Adolescente recibe trasplante de riñón tras años de diálisis y su familia celebra: “Dios respondió a nuestras oraciones”

Junior McNeal fue diagnosticado con una rara enfermedad renal cuando tenía apenas 5 años. Después de casi una década de tratamientos, su condición empeoró hasta perder completamente la función de ambos riñones. Cuando los médicos advirtieron a la familia sobre la incertidumbre de encontrar un órgano a tiempo, sus padres intensificaron sus oraciones. Pocos días después de ingresar a la lista de espera, recibieron la noticia de que había un riñón disponible.
Después de pasar gran parte de su infancia enfrentando una enfermedad renal, numerosas consultas médicas, tratamientos, hospitalizaciones y finalmente diálisis, el adolescente Junior McNeal recibió el trasplante de riñón que su familia había esperado durante años.
La historia comenzó cuando Junior tenía apenas 5 años.
A esa edad, los médicos le diagnosticaron síndrome nefrótico, una afección renal en la que los riñones permiten que cantidades excesivas de proteína pasen hacia la orina.

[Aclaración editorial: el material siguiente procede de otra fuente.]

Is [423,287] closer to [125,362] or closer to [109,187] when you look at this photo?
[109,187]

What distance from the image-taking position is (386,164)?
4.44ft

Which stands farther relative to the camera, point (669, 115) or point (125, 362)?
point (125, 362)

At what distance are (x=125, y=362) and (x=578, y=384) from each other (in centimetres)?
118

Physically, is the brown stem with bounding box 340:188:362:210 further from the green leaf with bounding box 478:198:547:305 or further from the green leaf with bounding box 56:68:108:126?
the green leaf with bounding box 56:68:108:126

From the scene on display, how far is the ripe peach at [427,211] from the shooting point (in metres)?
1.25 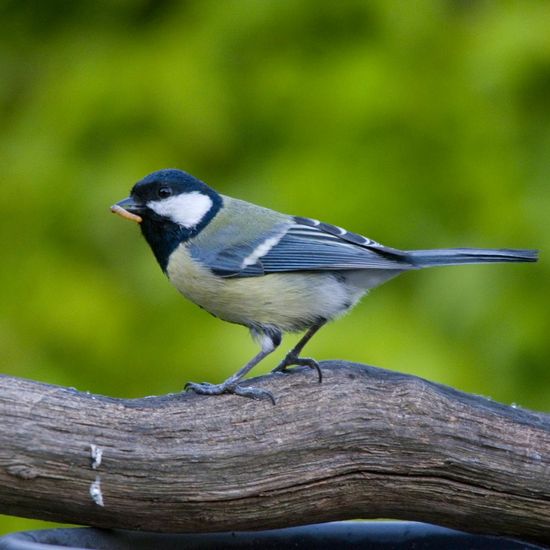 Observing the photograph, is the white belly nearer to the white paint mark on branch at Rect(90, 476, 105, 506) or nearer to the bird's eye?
the bird's eye

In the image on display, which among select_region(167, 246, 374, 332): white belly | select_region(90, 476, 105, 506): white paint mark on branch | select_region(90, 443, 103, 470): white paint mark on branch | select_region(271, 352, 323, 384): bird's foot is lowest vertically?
select_region(90, 476, 105, 506): white paint mark on branch

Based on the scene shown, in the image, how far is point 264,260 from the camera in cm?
275

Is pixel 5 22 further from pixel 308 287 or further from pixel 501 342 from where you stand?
pixel 501 342

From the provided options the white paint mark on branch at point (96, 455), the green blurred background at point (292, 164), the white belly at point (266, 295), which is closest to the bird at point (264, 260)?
the white belly at point (266, 295)

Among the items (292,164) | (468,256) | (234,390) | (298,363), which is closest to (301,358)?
(298,363)

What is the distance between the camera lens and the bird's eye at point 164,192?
2.72 m

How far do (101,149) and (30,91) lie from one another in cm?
35

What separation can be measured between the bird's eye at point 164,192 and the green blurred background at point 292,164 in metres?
0.34

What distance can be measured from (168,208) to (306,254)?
1.20ft

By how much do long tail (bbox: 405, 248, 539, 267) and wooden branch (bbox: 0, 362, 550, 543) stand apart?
40 centimetres

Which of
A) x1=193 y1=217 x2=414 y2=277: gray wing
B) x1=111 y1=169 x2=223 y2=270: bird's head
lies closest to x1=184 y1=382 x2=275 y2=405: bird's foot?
x1=193 y1=217 x2=414 y2=277: gray wing

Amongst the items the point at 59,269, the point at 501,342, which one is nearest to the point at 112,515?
the point at 59,269

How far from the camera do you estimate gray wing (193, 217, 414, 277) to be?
270 centimetres

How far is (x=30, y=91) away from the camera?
3.29m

Para sus padres, Sali y Rheylicia McNeal, el diagnóstico representó el comienzo de un largo período marcado por la incertidumbre.

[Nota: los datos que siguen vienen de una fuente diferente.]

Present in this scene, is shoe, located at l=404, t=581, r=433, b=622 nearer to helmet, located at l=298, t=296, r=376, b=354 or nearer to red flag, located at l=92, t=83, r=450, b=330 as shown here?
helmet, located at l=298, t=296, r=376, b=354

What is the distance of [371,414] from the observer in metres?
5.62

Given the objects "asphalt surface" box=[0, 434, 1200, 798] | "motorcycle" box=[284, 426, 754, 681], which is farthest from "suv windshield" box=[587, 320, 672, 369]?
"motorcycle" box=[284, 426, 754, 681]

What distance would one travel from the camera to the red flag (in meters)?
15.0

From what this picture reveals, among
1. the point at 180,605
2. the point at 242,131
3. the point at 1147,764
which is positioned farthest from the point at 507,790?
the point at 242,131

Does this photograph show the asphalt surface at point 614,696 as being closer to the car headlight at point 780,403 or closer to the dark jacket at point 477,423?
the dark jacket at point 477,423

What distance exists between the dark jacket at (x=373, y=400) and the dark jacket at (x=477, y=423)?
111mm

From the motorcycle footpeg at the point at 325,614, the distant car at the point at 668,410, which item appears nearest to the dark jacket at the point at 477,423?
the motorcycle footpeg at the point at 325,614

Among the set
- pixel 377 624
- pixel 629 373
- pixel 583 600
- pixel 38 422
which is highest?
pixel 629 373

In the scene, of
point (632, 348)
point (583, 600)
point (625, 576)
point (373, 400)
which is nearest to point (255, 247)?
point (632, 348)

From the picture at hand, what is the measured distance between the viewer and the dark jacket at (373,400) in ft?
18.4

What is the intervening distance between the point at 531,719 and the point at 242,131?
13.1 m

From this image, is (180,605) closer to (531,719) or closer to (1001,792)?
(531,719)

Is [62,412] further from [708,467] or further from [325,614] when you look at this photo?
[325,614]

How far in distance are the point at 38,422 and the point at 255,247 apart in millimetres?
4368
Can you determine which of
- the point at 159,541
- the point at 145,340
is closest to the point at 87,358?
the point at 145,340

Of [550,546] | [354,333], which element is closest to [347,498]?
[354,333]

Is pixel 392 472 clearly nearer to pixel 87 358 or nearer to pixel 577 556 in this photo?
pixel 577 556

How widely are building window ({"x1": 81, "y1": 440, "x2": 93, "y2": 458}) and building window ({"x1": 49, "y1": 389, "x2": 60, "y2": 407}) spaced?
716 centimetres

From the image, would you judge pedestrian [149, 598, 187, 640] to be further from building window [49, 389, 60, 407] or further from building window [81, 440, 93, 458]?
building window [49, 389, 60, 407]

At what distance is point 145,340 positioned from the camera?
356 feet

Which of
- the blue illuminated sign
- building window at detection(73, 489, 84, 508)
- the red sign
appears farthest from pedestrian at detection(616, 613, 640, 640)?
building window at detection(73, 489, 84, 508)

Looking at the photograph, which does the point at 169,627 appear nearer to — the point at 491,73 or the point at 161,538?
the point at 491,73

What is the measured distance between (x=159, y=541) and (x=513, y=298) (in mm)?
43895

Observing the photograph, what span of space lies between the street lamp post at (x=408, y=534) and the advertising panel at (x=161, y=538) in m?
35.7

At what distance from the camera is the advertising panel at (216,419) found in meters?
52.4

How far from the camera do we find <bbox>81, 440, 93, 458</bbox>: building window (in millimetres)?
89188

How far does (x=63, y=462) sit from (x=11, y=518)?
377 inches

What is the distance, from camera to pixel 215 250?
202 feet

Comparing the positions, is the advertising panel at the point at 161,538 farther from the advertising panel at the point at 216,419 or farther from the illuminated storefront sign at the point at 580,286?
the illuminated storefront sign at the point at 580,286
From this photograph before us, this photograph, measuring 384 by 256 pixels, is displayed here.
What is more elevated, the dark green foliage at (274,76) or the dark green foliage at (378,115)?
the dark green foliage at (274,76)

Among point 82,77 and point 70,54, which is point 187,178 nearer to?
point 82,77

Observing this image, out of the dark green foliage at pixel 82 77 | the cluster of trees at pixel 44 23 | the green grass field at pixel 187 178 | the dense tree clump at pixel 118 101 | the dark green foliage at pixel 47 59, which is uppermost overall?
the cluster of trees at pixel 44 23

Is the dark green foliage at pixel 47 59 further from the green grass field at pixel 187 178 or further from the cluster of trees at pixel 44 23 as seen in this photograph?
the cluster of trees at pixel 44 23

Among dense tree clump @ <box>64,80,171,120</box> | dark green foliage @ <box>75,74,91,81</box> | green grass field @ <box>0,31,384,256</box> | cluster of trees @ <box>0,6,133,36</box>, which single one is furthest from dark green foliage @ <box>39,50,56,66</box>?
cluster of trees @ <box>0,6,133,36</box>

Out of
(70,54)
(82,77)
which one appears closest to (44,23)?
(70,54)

Durante casi diez años observaron cómo su hijo enfrentaba una enfermedad que requería vigilancia médica constante.
Rheylicia recordó que las primeras noticias fueron devastadoras.
“Estaba devastada. No sabía qué iba a pasar. Me rondaban por la cabeza muchísimas preguntas”, declaró la madre a CBN News.
La familia tendría que aprender a convivir con una condición médica compleja mientras intentaba proporcionar a Junior una infancia lo más normal posible.
El diagnóstico que cambió la vida de la familia
El síndrome nefrótico no constituye una enfermedad específica por sí sola, sino un conjunto de signos relacionados con alteraciones en el funcionamiento de los riñones.
En el caso de Junior, el diagnóstico obligó a los médicos a iniciar diferentes tratamientos para intentar controlar la enfermedad y evitar que continuara deteriorando sus riñones.
Inicialmente, el niño comenzó un tratamiento con esteroides.
Sin embargo, los resultados esperados no llegaron.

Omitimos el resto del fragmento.